There are many, many Jesuses on display at the store of America right now, and each one comes with its own pair of glasses and irrefutable instruction booklet supposedly lifted from the pages of Holy Scripture. The problem is, most of these Jesuses make me sick (especially the ones on display sold by some prominent political figures and organizations who shall not be named). They are so far removed from the Jesus I know, who attracted me to himself with his revelation of profound love filling up my soul to the brim and overflowing. A love that wants to make me whole, and more me, not less, by snipping off all the things that hold me back and restrict me and bind me in fear and anxiety. The Jesus I know is constantly taking weights off my back that I didn't even realize were there so I can leap higher for joy. The Jesus I know has given me a new pair of glasses: The glasses of love. It is these glasses that he has slowly been helping me to wear more these past eleven years more than the glasses of fear.
Instead of being scared of people- because I might have to try to rescue them/convert them/change their minds- I see someone to love and come alongside. I want to know them, listen to them, see them, understand what makes them tick, enjoy them. I want to be a trustworthy friend that they can explore their thoughts and struggles with, without me jumping in awkwardly to make sure they know what I think God does and doesn't approve of (according to whatever my interpretation of the God of the Bible is).
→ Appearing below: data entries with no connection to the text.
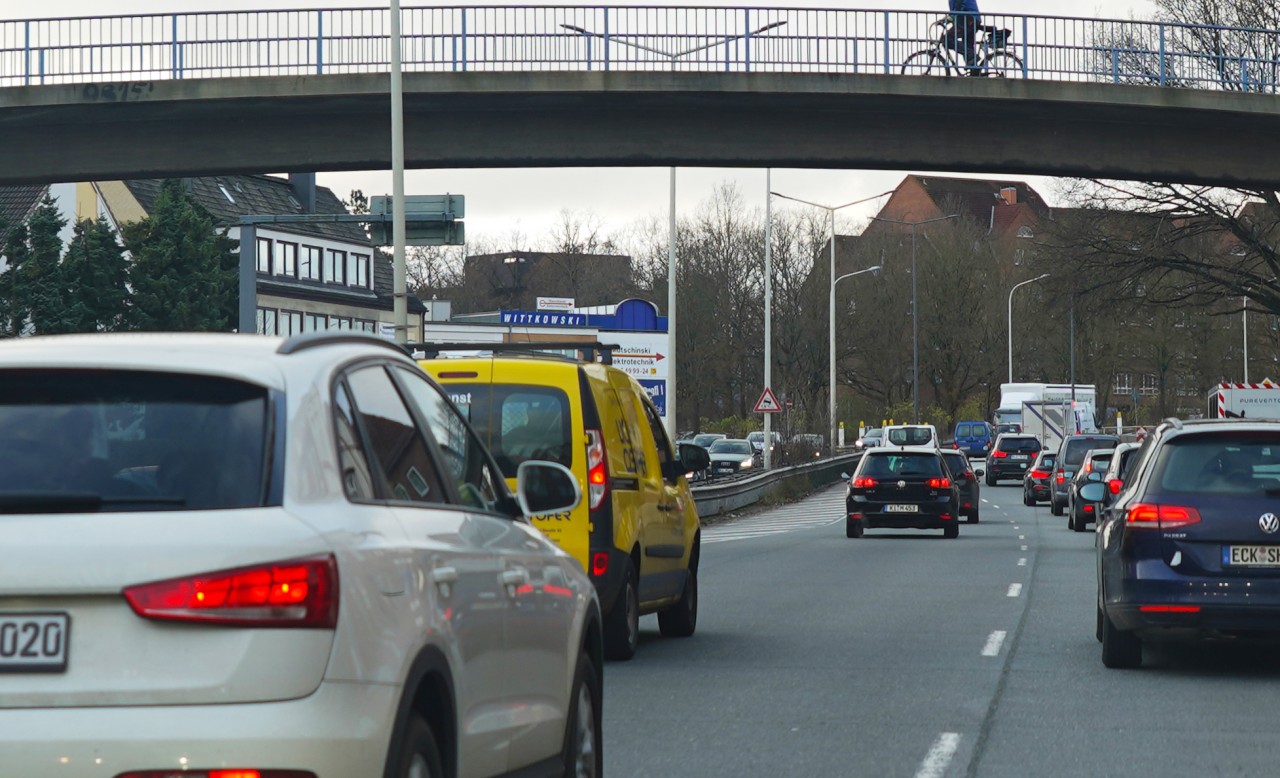 Auf der Bundesstraße B502 wurde ein 17-Jähriger in einen heftigen Unfall verwickelt. (Symbolbild)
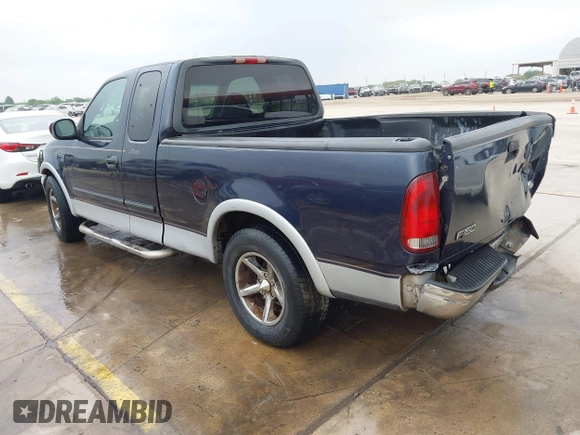 2000 Ford F-150 XL with VIN 1FTRX17L0YKA68579, listed as a IAAI auction lot 41941226 with 1 mi miles. Bid and sale history available at carsss.com. Image 3.
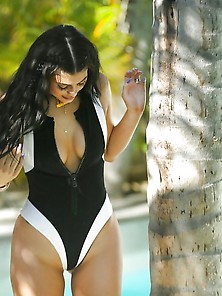 Kylie Jenner Hottest Pics!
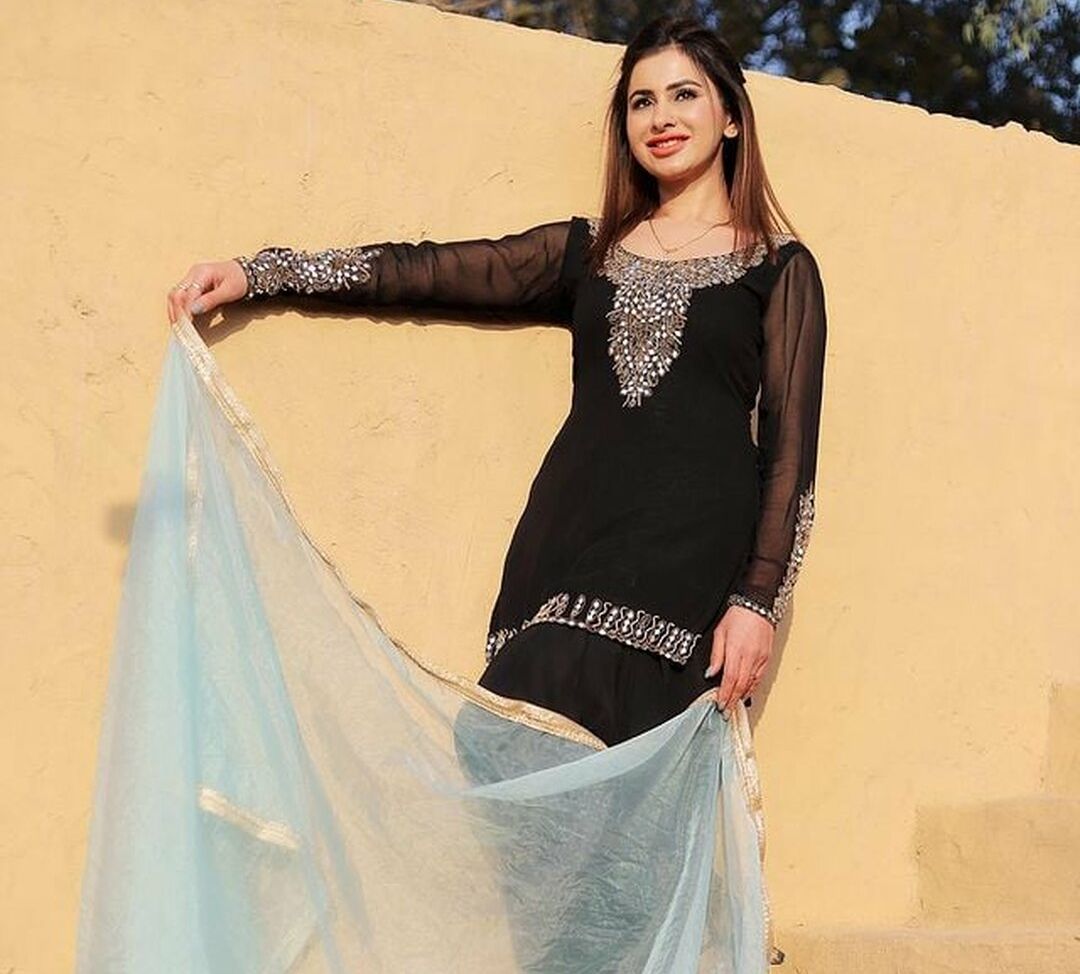 Meetii Kalher nude #108315881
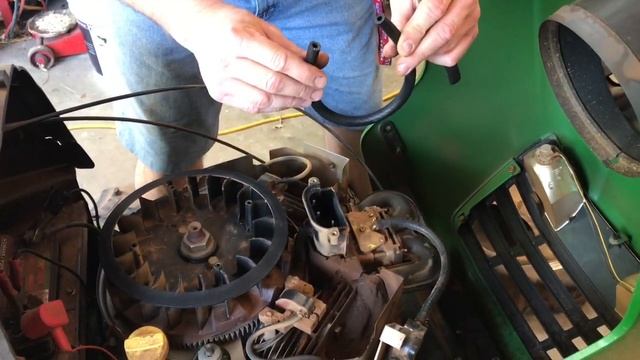 Replace Leaking Fuel Line on John Deere L120 Riding Mower смотреть онлайн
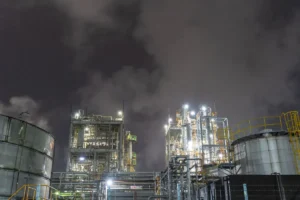 Guerre en Ukraine : violent incendie dans une raffinerie pétrolière russe après d'un drone se soit écrasé
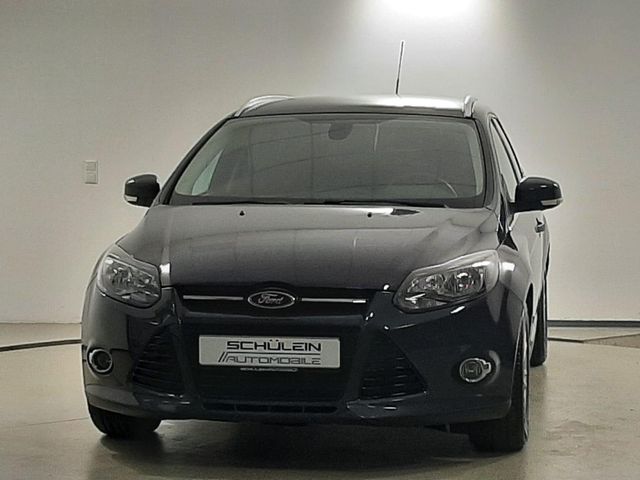 Ford Focus Titanium*Automatik*Navi*SHZ*PDC*Tempo*2.Hd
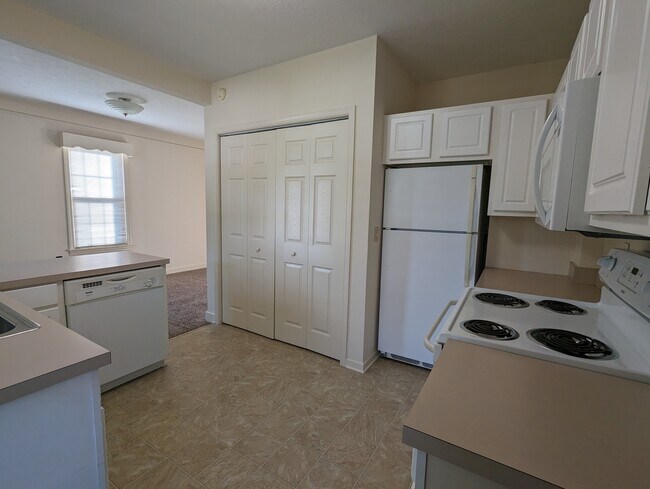 Kitchen - 1320 Crawford Ave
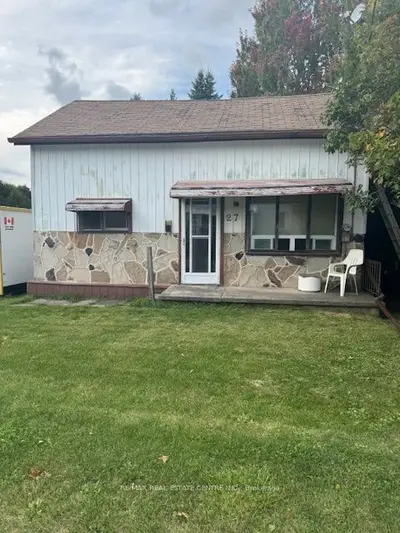 27 Scene Street, Halton Hills, ON L7J 1A1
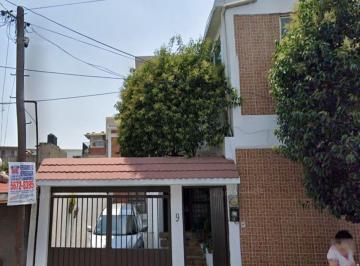Casa de 4 habitaciones, Alvaro Obregón · Casa en Venta de Recuperación Bancaria en Álvaro Obregón, México - Ayrt*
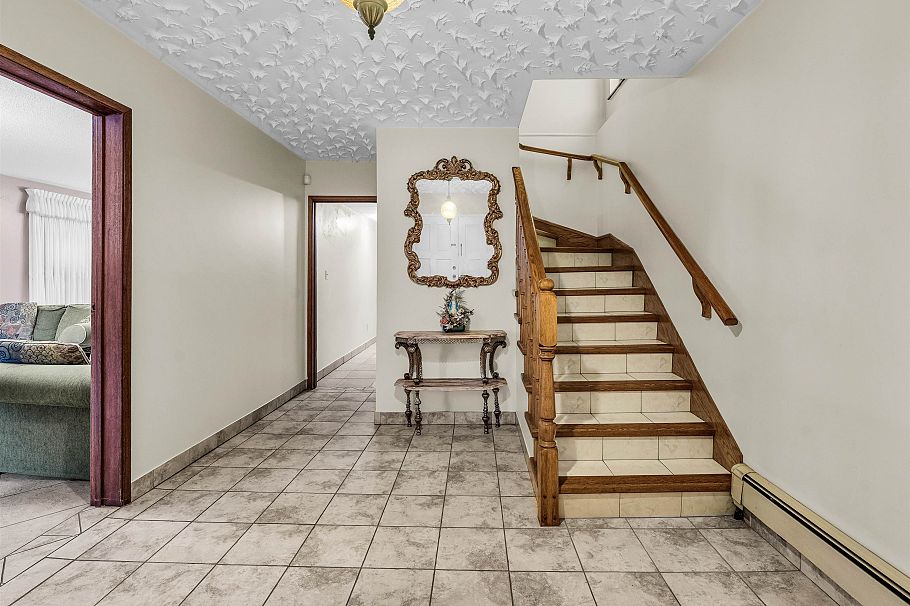 3112 E 1st Avenue Vancouver, BC - 27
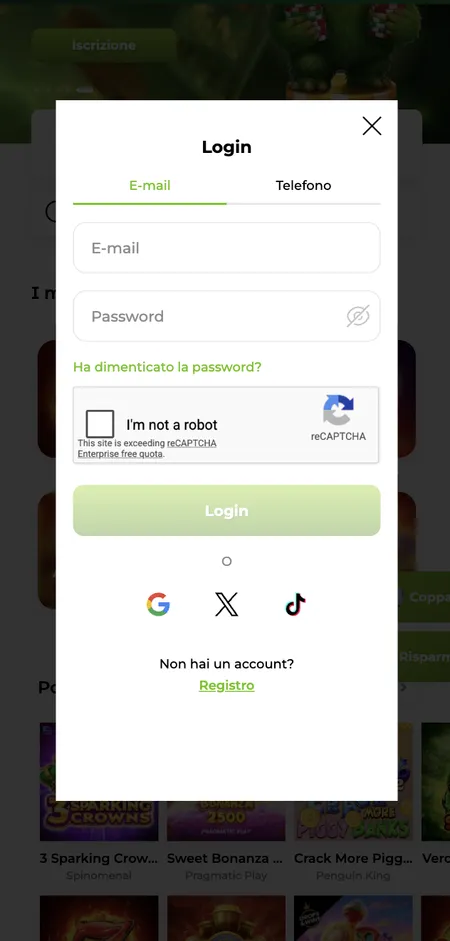 Form di login Verde Casino con vkладки email e telefono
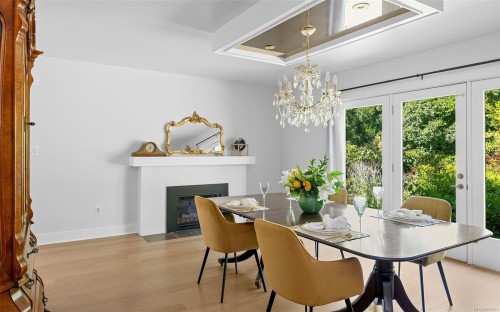 2895 Lansdowne Rd, Oak Bay, BC 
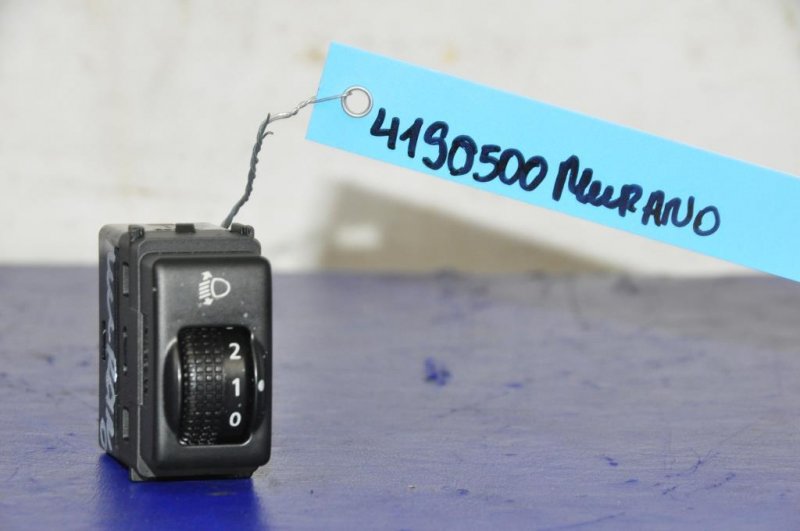 Кнопка NISSAN MURANO Z50 02-07 2006 Внедорожник 3.5 25190CC10A Б/У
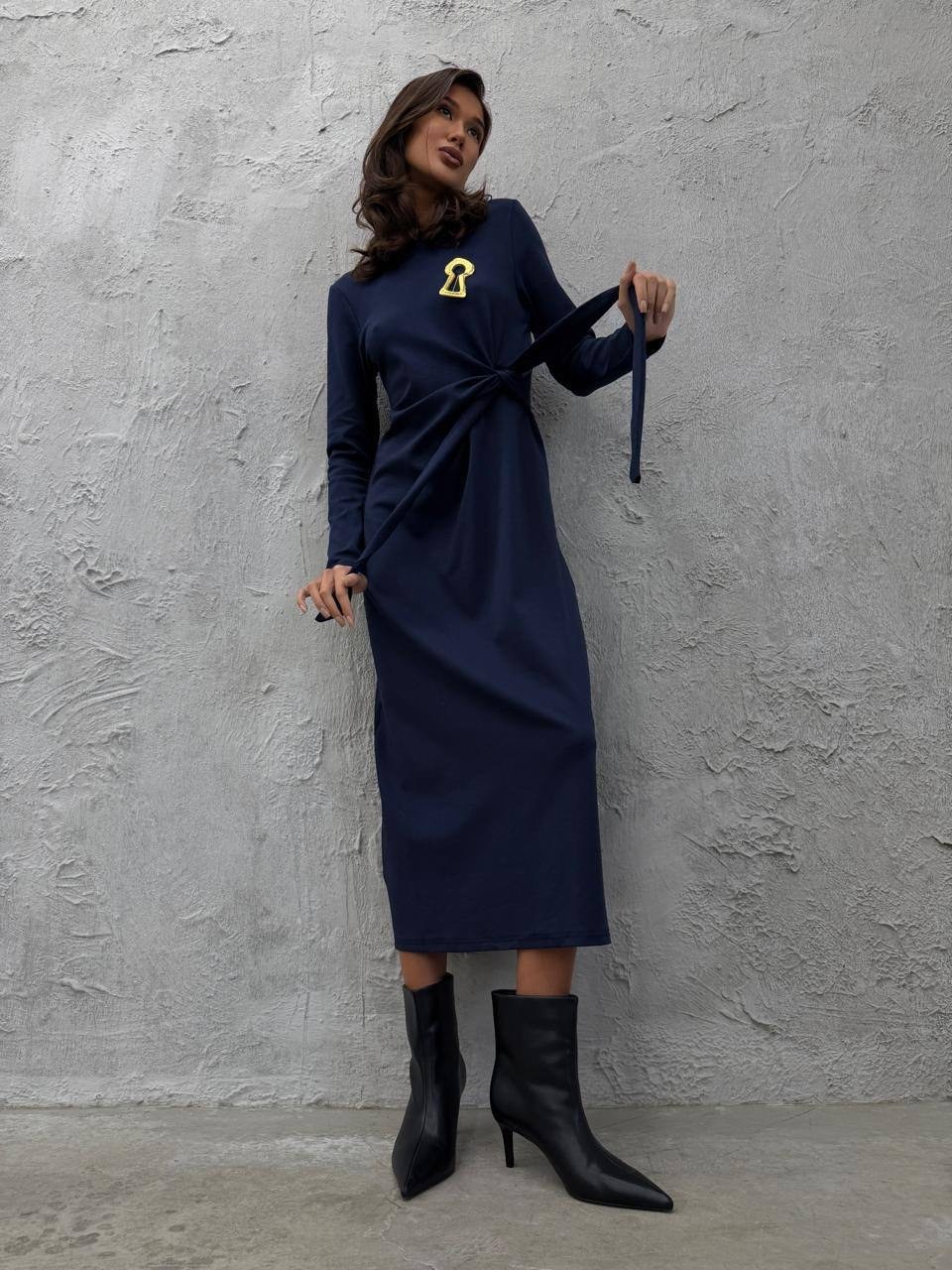 трикотажное платье,платье трикотажное донна каран,длинное трикотажное платье,платье серое,платье стиль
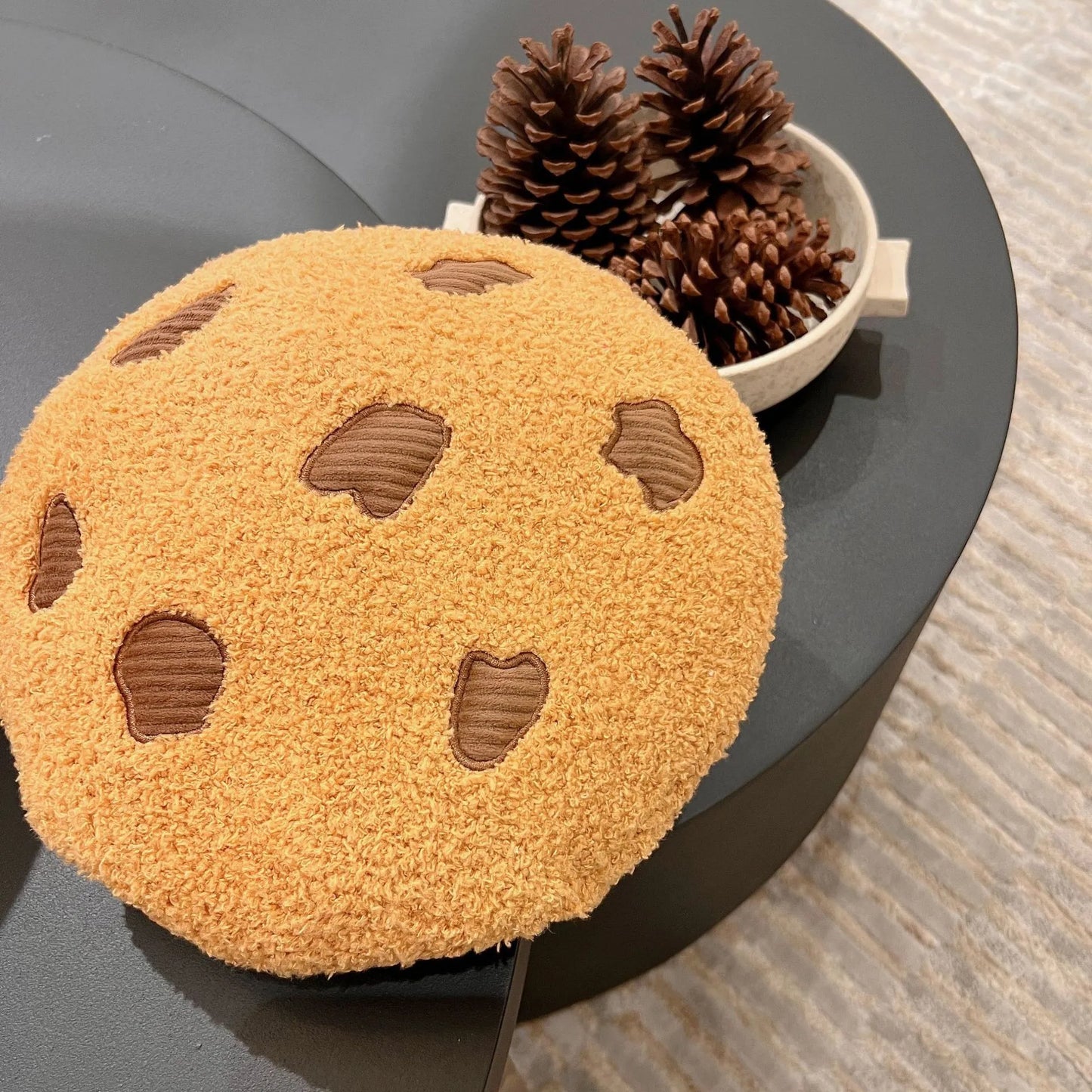 Almohada de peluche con forma de galleta con chispas de chocolate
I want to trust that God has them in His sights and loves them profoundly and cares far more about them than I do, and hope that He uses me in some way to make his gentle, kind love more real to them. And the more I participate in this kind of relationship with others I find that they- whether they know it or not- are being used by God in *my* life. I am seeing God's love poured out on me and blessing me through people that would probably laugh at such an idea. But God speaks through them all the time! He is so kind to me, leading me to love people who turn out to have hearts secretly aligned with his ways. I find Jesus looking out all the time through the eyes of people who have supposedly rejected him and want nothing to do with him (I suspect perhaps because the most of the Jesuses they have been offered are the ones that all of us should heartily reject).
I don't know where my winding rocky path through the wilderness of my faith will go next. Surely through more hard places, but also surely through astounding beauty and love that makes me sing, because my own dear Shepherd is the one leading me, giving me new eyes to see every day.
(Picture description at header: Silly picture of me and my black dog licking me, hand-drawn square glasses on my face with hearts on the lenses and lightening bolts coming out the sides of the frames.)